→ **About this task**:
Pictures must not appear; the answer is exactly the lines from the one that holds "370 Eastern Avenue - Photo Thumbnail 5" through the end of the material.

→ **Collected data**:
========================================
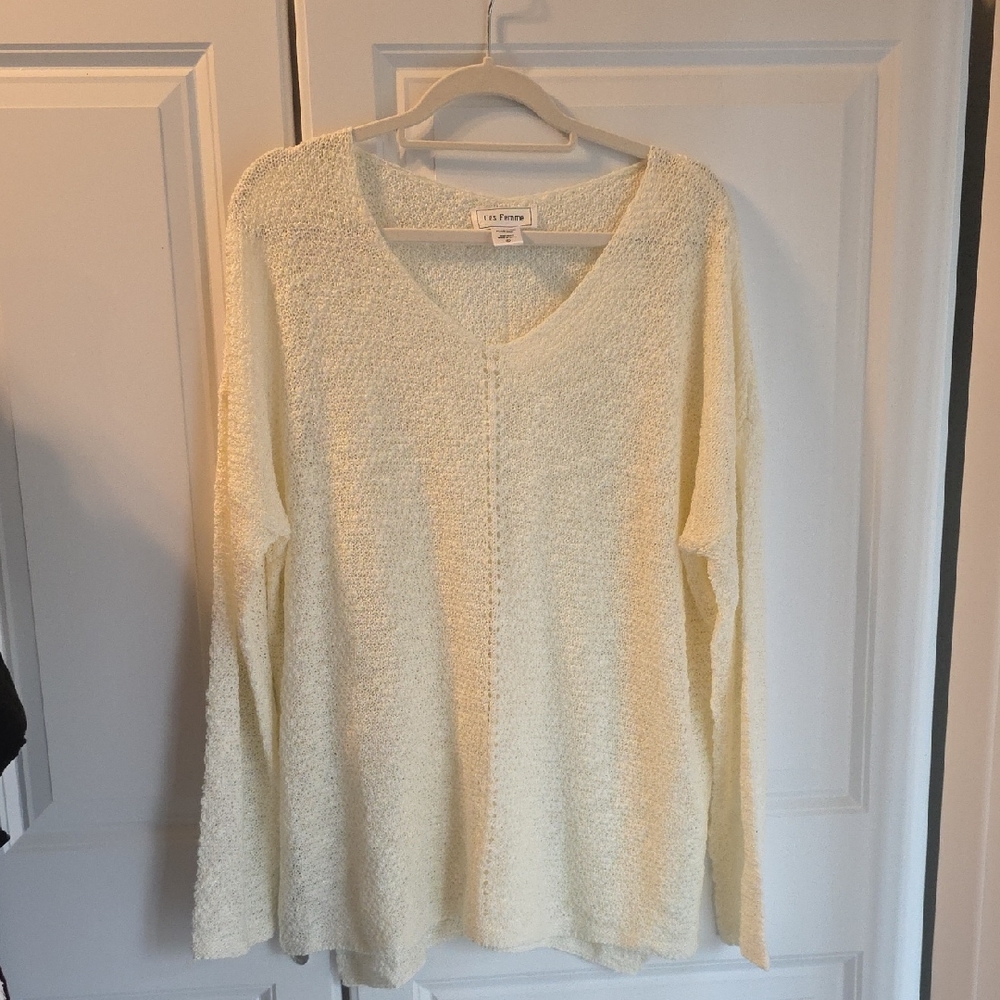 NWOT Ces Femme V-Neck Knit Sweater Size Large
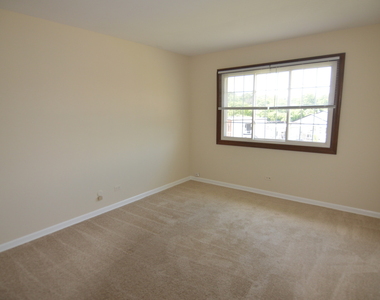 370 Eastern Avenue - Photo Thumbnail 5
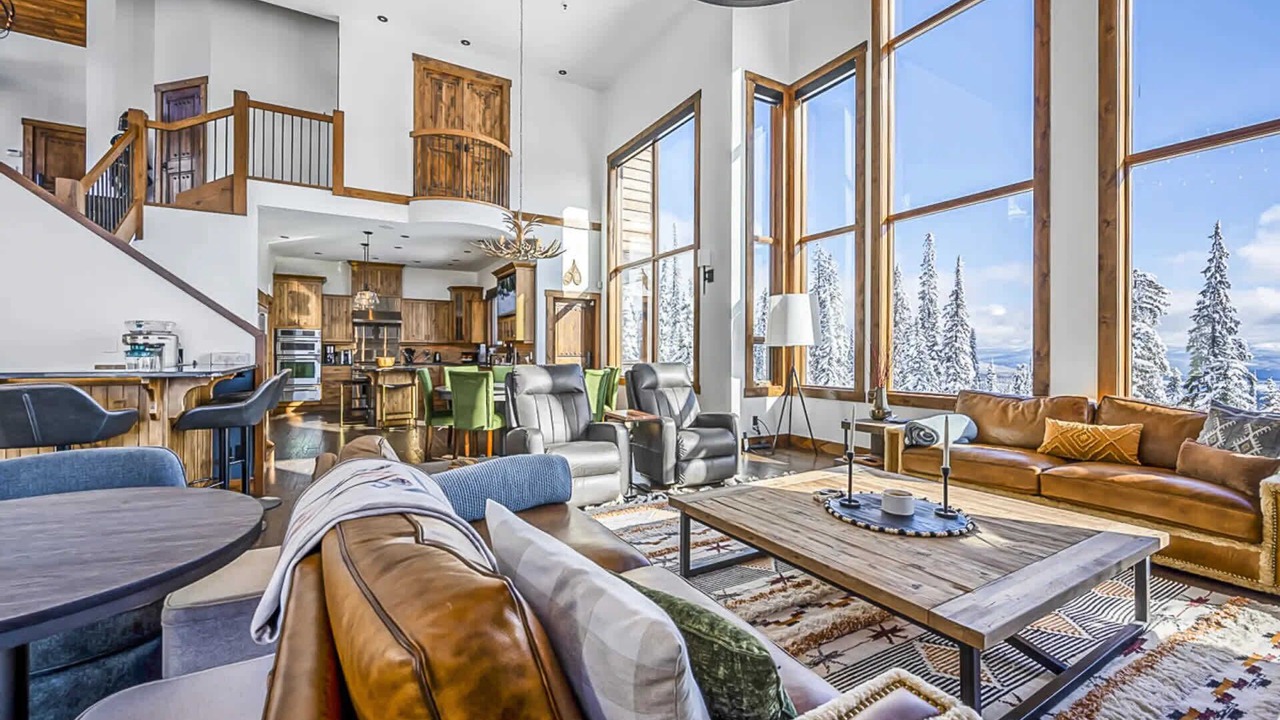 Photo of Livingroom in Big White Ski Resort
========================================
→ **Written answer**:
 370 Eastern Avenue - Photo Thumbnail 5
 Photo of Livingroom in Big White Ski Resort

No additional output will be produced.